Open-Access: This article is an open-access article that was selected by an in-house editor and fully peer-reviewed by external reviewers. It is distributed in accordance with the Creative Commons Attribution NonCommercial (CC BY-NC 4.0) license, which permits others to distribute, remix, adapt, build upon this work non-commercially, and license their derivative works on different terms, provided the original work is properly cited and the use is non-commercial.
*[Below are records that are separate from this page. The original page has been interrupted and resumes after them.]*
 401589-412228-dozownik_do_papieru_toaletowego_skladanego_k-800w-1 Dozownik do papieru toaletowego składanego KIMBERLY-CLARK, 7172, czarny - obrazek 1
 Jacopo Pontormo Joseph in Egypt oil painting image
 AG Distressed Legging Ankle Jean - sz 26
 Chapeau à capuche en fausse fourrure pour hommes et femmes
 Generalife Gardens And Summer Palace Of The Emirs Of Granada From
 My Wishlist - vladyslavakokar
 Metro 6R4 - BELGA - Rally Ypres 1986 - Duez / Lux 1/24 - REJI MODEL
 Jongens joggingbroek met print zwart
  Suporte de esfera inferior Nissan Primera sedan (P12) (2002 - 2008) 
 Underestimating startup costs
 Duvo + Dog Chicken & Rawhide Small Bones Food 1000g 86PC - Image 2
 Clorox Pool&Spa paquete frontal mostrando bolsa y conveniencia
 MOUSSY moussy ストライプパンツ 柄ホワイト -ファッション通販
See: https://creativecommons.org/Licenses/by-nc/4.0/
Corresponding author: Tomasz Lorenc, MD, PhD, Associate Professor, Ist Department of Clinical Radiology, Medical University of Warsaw, 5 Chalubinskiego Street, Warsaw 02-004, Poland. tlorenc@wum.edu.pl
Received: June 14, 2021 Peer-review started: June 14, 2021 First decision: October 18, 2021 Revised: November 2, 2021 Accepted: January 5, 2022 Article in press: January 5, 2021 Published online: January 18, 2022
ARTICLE HIGHLIGHTS
Research background
Biomechanics of the individual lumbar spine structures are important since the overall spinal adaptation to compressive forces is comprised of the cumulative changes of respective elements.
Research motivation
There is a lack of works simultaneously comparing dural sac size, ligamenta flava thickness, foraminal dimensions and lumbar sagittal alignment between axial loaded and recumbent magnetic resonance imaging (MRI) in an extensive group of lower back pain patients.
Research objectives
To help the surgeons in the choice of the spinal endoscopy and spinal injections. The objective of the study was to evaluate the changes depicted by MRI of chosen lumbar spine structures upon axial-loading in comparison with recumbent MRI.
Research methods
The study covered 90 individuals assessed with three-dimensional volume isotropic acquisition MRI, first imaged in the supine position with no axial load and then again following application of an axial compressive load. Based on recumbent MRI as well as axial-loaded ones, the following were measured: the dural sac area, the ligamenta flava, the intervertebral foramina from L1-L2 to L5-S1 and the lumbosacral angle.
Research results
We found out that axial loading intensifies the narrowing of the spinal canal, thickens the ligamenta flava, narrows the intervertebral foramina from L1-L2 to L4-L5 and exaggerates lumbar lordosis.
Research conclusions
Our study reveals that there is a correlation between force compression and intensification of the lumbar spinal stenosis, intervertebral foramina narrowing, ligamenta flava thickening as well as increasing lumbar lordosis due to axial loading.
Research perspectives
There is a need to introduce computational approaches in automatic image recognition based on machine learning and deep learning to ease radiological measurements of the lumbar spine and obtain a good level of clinical prediction. Moreover, it is worth proposing axial-loading MRI as an elasticity imaging: an innovative “elastography” method designed for the lumbar spine to explore the age of the spine and the percentile grids of degenerative changes.